Lolis Elie, a native of New Orleans, is a graduate of the University of Pennsylvania, the University of Virginia, and Columbia University. He was one of the 50 founders of the SFA. A columnist for the Times-Picayune, Elie is the author of Smokestack Lightning: Adventures in the Heart of Barbecue Country. He edited Cornbread Nation Two: The United States of Barbecue.
Makalé Faber-Cullen was raised in Alexandria, Virginia. Navigating her family's immigrant life ignited her career as a cultural anthropologist, and for close to 15 years she's been documenting and promoting the artistry and foodways of the newest Americans. She received her B.A. in Anthropology from George Mason University and her M.A. from the University of Virginia, where she was a Commonwealth Fellow for doctoral studies in Anthropology. She teaches at Kingsborough Community College and conducts market research for sustainable businesses.

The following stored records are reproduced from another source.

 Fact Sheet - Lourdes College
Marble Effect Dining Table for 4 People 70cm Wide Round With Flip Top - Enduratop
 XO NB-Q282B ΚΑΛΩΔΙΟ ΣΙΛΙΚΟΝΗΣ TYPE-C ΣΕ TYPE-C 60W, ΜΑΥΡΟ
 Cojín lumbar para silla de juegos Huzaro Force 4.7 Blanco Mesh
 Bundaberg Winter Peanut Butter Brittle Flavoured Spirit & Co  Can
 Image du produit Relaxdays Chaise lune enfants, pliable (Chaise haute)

Ted Lee grew up in Charleston, South Carolina, graduated from Amherst College, and received an MFA in fiction writing from the Writers Workshop at the University of Iowa. In 1994, he founded the Lee Bros. Boiled Peanuts Catalogue, a mail-order source for Southern pantry staples, with his brother and writing partner, Matt Lee. The Lee Brothers write about food for newspapers and magazines, and in 2007 published their award-winning first cookbook, The Lee Bros. Southern Cookbook. Ted and his wife, the artist E.V. Day, live in Brooklyn, New York, and Charleston, South Carolina.
Ted Ownby is director for the Center for the Study of Southern Culture at the University of Mississippi. He holds a joint appointment in History and Southern Studies. He earned his B.A. from Vanderbilt University, and an M.A. and doctorate from Johns Hopkins University. He is the author of American Dreams in Mississippi: Consumers, Poverty, and Culture, 1830-1998 and Subduing Satan: Religion, Recreation and Manhood in the Rural South, 1865-1920 . He is the coeditor of the Mississippi Encyclopedia and writes and teaches classes on the social and cultural history of the American South.

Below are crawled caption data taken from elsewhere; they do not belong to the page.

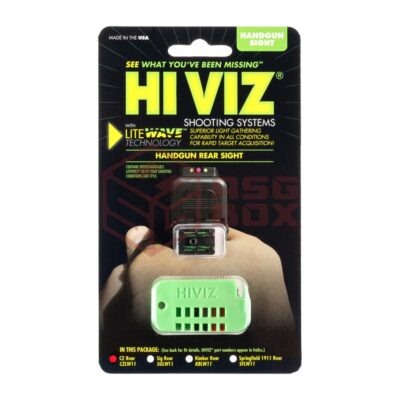 HIVIZ LiteWave Rear Sight for CZ 75/P01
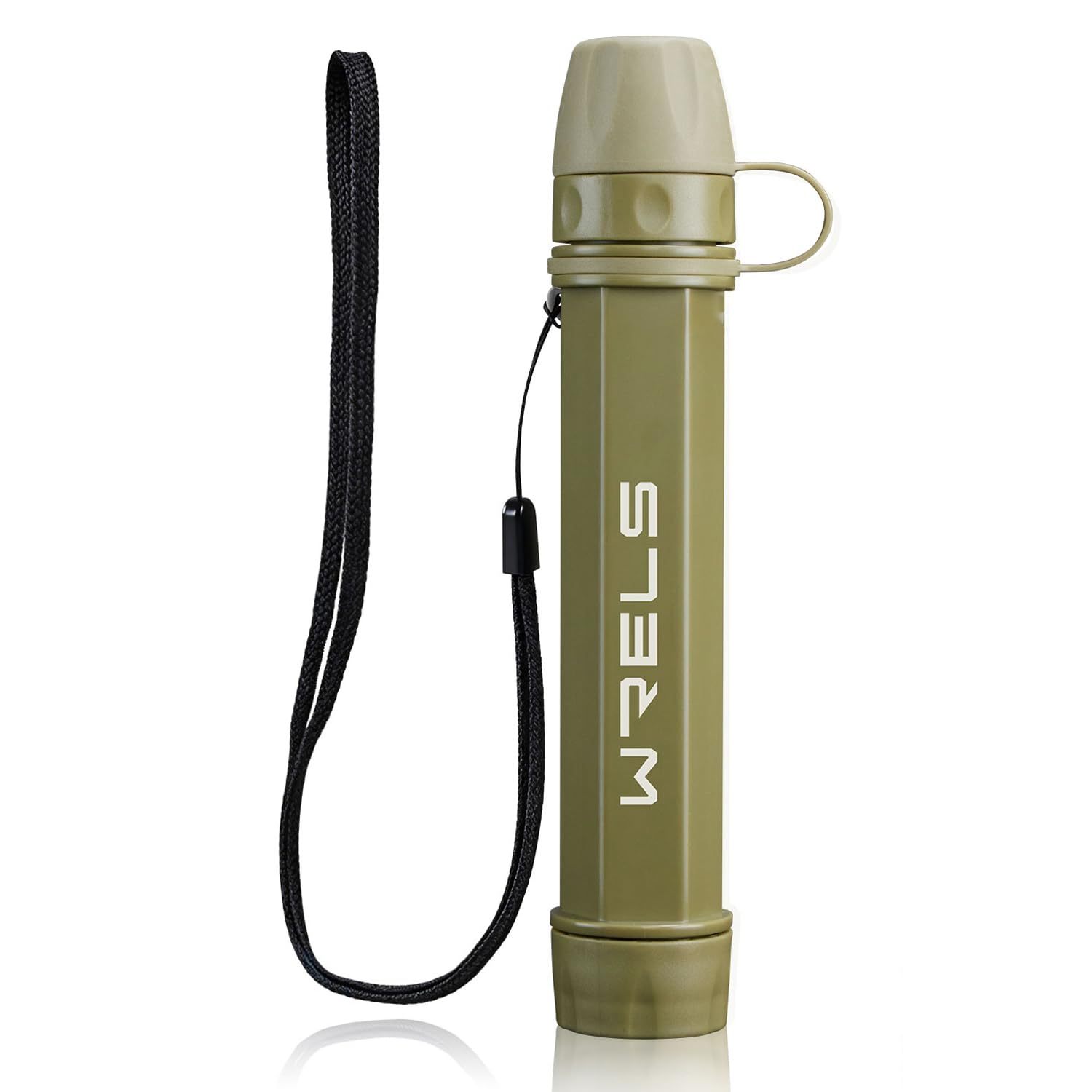 WRELS Water Filter Straw,NSF & SGS Certified Personal Portable Filter for Camping Hiking Survival,Outdoor Water Filter with Carabiner & Extension Tube – Emergency Water Filtration System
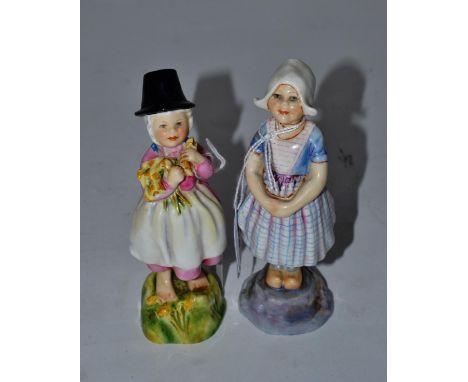 A Royal Worcester figure ''Wales'' together with ''Holland'' (a.f.) (2) 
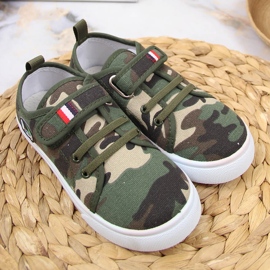 Atletico camo velcro lasten tennarit vihreä 2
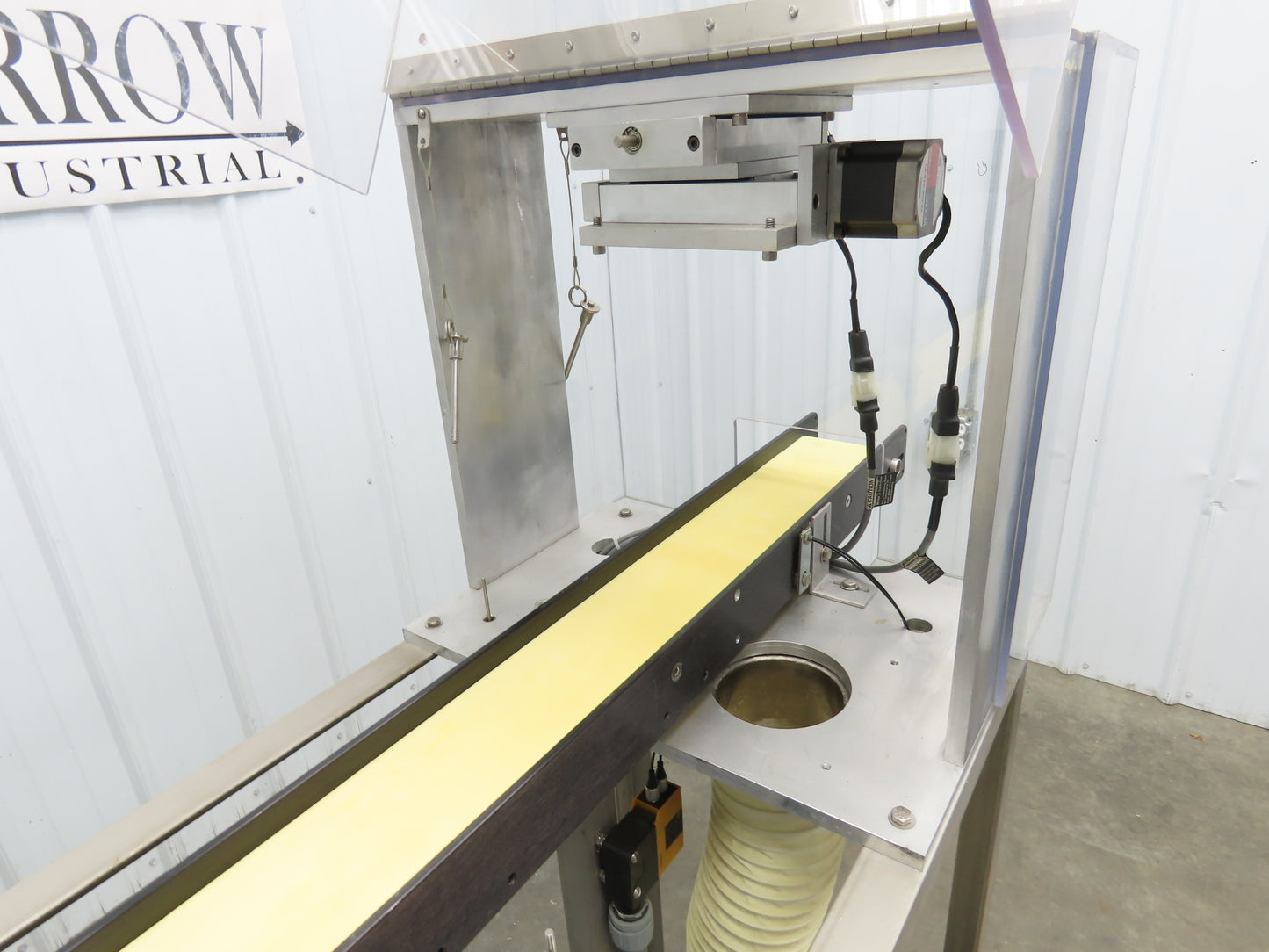 Mini-Mover TCMM 60"L Food Depositor Conveyor w/Heater 115V Adj Speed 40fpm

Audrey Petty is an associate professor of English at the University of Illinois in Urbana-Champagne. Her work has appeared in the journals Callaloo and the Massachusetts Review. She presented her essay, "Late Night Chitlins with Momma" at the 2004 Southern Foodways Symposium. In 2005, Saveur published an adaptation of that essay, and it has been anthologized three times since, most recently in Cornbread Nation 4.

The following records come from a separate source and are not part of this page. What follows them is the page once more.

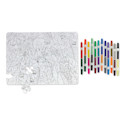 Faber-Castell Color By Number Puzzle - Jungle Animals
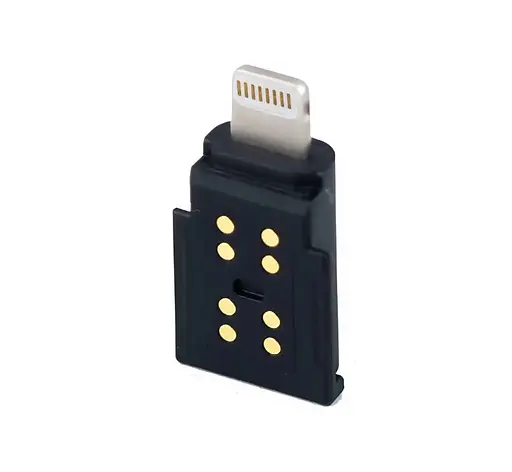 Адаптер-перехідник для мікрофона DJI Mic 2 Lightning, Чорний (CP.RN.00000334.01) - фото 2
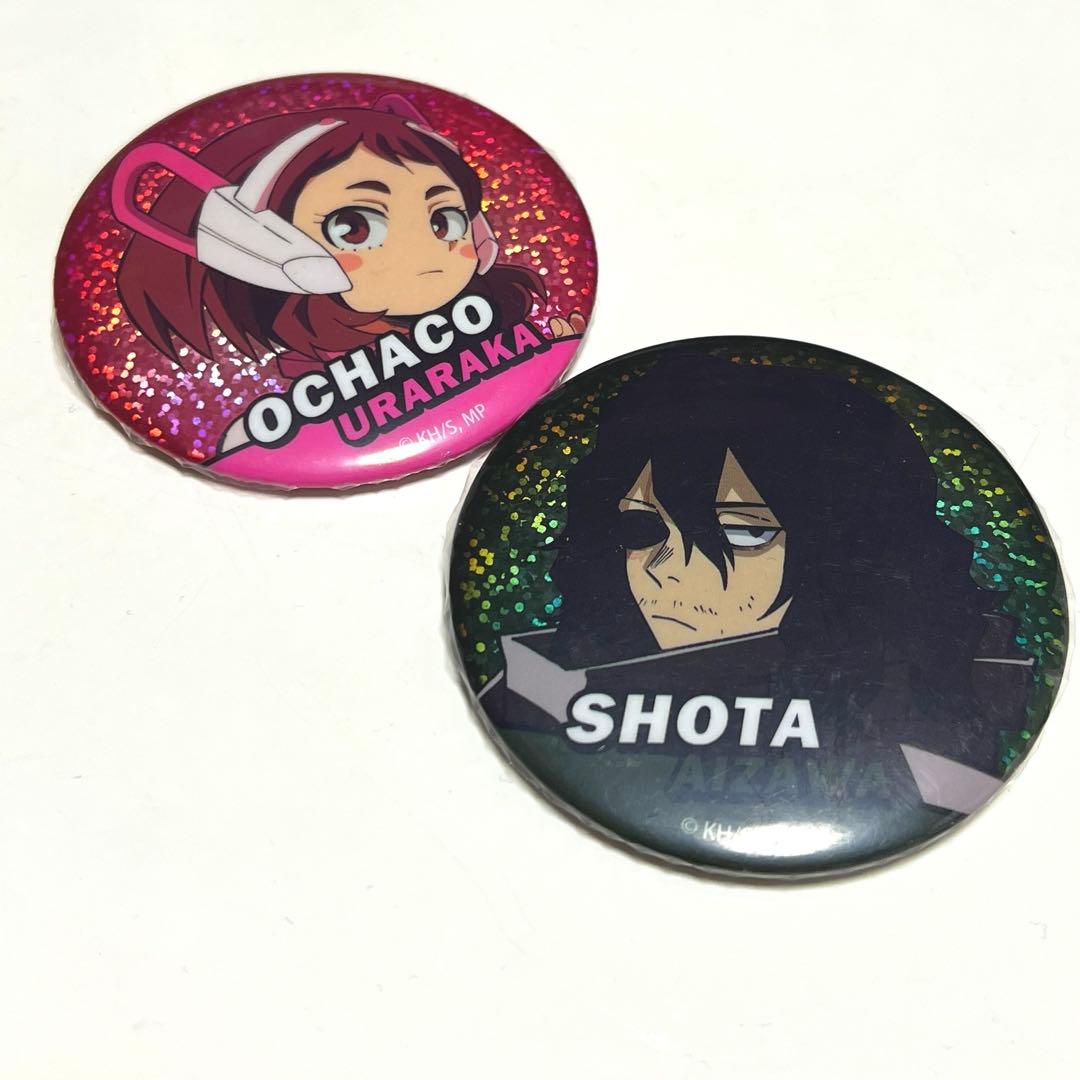 ヒロアカ ダイソー ビッグ缶バッジ 相澤 お茶子 - メルカリ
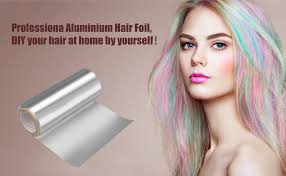 Aluminium Hair Foil, MOCOBO 16m*12cm Highlighting Silver hairdressing  Professional Salon Home Tinfoil Strips for Bleaching : Amazon.co.uk: Beauty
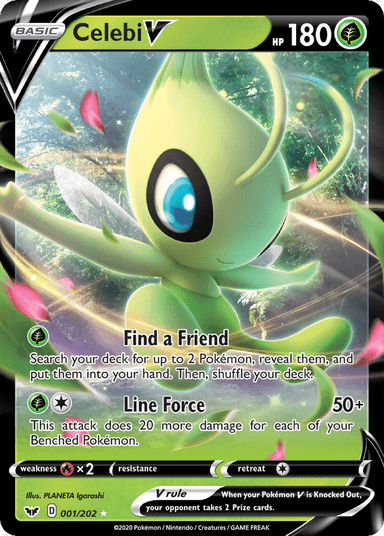 Celebi V, Sword & Shield 1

Mike “Rathead” Riley is a graduate of Washington and Lee University. He lives in Bristol, Virginia and works – as a financial services consultant – in Bristol, Tennessee. Riley is an avid culinary enthusiast who works on the steering committee for his local farmers market. He has extensive experience in nonprofit stewardship, having served on orchestra, theatre, and school boards.
Sara Roahen, a Wisconsin native, graduated from St. John’s College in Santa Fe, New Mexico. For the next six years she applied her liberal arts degree as a line cook in restaurants across Wisconsin, California, and Wyoming. In 2000, she migrated to New Orleans, where she reviewed restaurants for Gambit, the weekly newspaper. Her New Orleans food studies eventually lead her to write a book: Gumbo Tales: Finding My Place at the New Orleans Table, published by W.W. Norton for Mardi Gras 2008.